[Dataset excerpts]

--- --- ---

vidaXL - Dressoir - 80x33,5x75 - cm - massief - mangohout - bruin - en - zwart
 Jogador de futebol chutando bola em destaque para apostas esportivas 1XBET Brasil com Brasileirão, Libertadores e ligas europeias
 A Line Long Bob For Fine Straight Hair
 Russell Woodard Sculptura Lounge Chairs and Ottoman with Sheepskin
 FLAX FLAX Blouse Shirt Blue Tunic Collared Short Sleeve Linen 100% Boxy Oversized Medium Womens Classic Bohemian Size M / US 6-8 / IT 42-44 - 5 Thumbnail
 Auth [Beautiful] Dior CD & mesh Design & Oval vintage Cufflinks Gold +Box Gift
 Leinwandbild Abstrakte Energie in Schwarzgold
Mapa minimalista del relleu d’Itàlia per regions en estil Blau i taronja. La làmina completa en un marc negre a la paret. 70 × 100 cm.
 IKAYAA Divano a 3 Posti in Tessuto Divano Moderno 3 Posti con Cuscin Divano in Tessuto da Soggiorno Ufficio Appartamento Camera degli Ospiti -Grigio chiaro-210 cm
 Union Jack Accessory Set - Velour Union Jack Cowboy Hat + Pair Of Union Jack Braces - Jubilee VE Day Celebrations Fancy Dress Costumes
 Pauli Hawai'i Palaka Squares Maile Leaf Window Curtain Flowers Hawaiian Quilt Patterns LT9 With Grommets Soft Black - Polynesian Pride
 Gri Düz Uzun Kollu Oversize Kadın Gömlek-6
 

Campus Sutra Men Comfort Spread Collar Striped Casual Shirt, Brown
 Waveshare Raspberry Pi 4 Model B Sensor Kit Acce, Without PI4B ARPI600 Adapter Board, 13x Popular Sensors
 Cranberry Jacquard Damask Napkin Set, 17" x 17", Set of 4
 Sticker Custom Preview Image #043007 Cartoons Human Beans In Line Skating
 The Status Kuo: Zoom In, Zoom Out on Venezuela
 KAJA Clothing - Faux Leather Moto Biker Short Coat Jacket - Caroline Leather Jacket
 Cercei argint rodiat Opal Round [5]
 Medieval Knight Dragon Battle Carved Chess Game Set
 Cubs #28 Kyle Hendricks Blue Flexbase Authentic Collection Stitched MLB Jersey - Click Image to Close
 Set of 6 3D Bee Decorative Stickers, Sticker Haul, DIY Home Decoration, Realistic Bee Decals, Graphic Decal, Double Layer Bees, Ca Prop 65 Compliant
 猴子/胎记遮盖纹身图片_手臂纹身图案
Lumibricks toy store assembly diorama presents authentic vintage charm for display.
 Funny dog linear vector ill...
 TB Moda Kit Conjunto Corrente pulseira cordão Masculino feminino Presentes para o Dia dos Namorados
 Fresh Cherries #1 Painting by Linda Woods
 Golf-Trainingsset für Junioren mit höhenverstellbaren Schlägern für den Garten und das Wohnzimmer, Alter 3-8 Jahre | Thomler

--- --- ---

- Exercise directions:
Take the lines above from the one holding "Funny dog linear vector ill..." to the last and output them exactly.

- Reply to the exercise:
 Funny dog linear vector ill...
 TB Moda Kit Conjunto Corrente pulseira cordão Masculino feminino Presentes para o Dia dos Namorados
 Fresh Cherries #1 Painting by Linda Woods
 Golf-Trainingsset für Junioren mit höhenverstellbaren Schlägern für den Garten und das Wohnzimmer, Alter 3-8 Jahre | Thomler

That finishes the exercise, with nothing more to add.